Migrate MongoDB GridFS Data to AWS S3
MongoDB GridFS can be used for storing and retrieving large files such as images, audio files, video files. But it’s advisable to store this binary data outside the database itself, due to performance issues. In this post, we’ll see how we can migrate our existing data in MongoDB GridFS to AWS S3.
Pre-requisite: A working MongoDB setup. Here we are using a local installation of MongoDB, but you can also use the same process for a replica set by just modifying the connection string in the code.
Step 1: Create an S3 bucket named gridfs.

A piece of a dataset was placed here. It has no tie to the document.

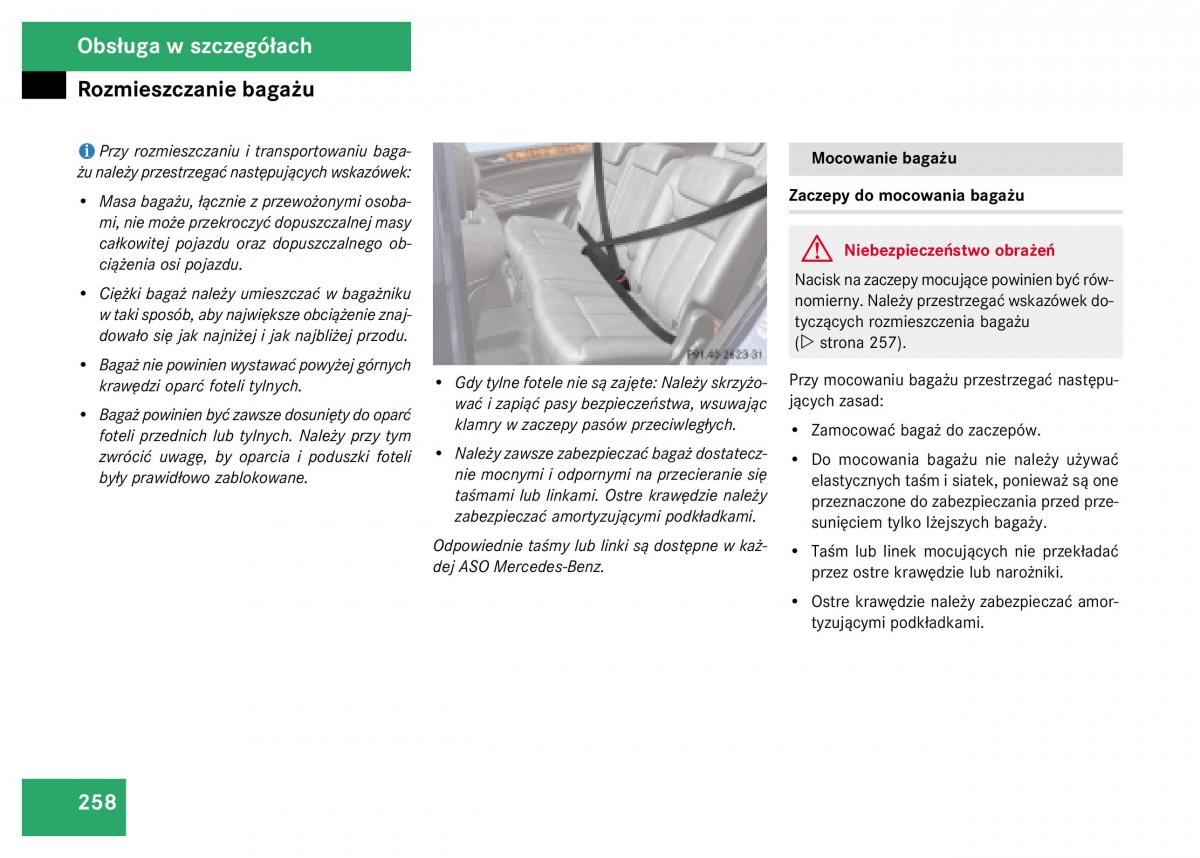 Mercedes Benz GL Class X164 instrukcja obslugi / page 259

Step 2: Create an IAM role for EC2 with following IAM permissions.
{
"Version": "2012-10-17",
"Statement": [
{
"Sid": "VisualEditor0",
"Effect": "Allow",
"Action": "s3:PutObject",
"Resource": "arn:aws:s3:::gridfs/*"
},
{
"Sid": "VisualEditor1",
"Effect": "Allow",
"Action": "s3:ListBucket",
"Resource": "arn:aws:s3:::gridfs"
}
]
}
Step 3: Attach this role to the EC2 instance where our script will be executed. I am executing the script on the same server where mongo is running, so I’ve attached this role to my mongo instance. If your mongo is not running on AWS, then you can use IAM access keys.
Step 4: Let’s put some data first. We’ll push an image to 2 collections names test and test2(in example database). Download the code given at https://raw.githubusercontent.com/vinycoolguy2015/awslambda/master/gridfs_upload.py. I’ve referenced this code from https://hubpages.com/technology/Storing-large-objects-in-MongoDB-using-Python
Next download an image which we’ll upload to GridFS and execute the script. In the code,I’ve used image name as red_fort.jpg and you can change it accordingly. Next change the collection name from test to test2 and again execute the script. This will create following collections in example database.
Step 5: Now copy the script given at https://raw.githubusercontent.com/vinycoolguy2015/awslambda/master/gridfs_to_s3.py which we’ll use to push data to S3. In the script change the value of filepath variable to the path where the data will be downloaded locally. Update the same path on line 36(for aws s3 sync command)
Step 6: Execute the script. Once the script is executed successfully, you’ll see data uploaded in S3.
As you can see, now our data is uploaded to S3 in the folders corresponding to the collection names.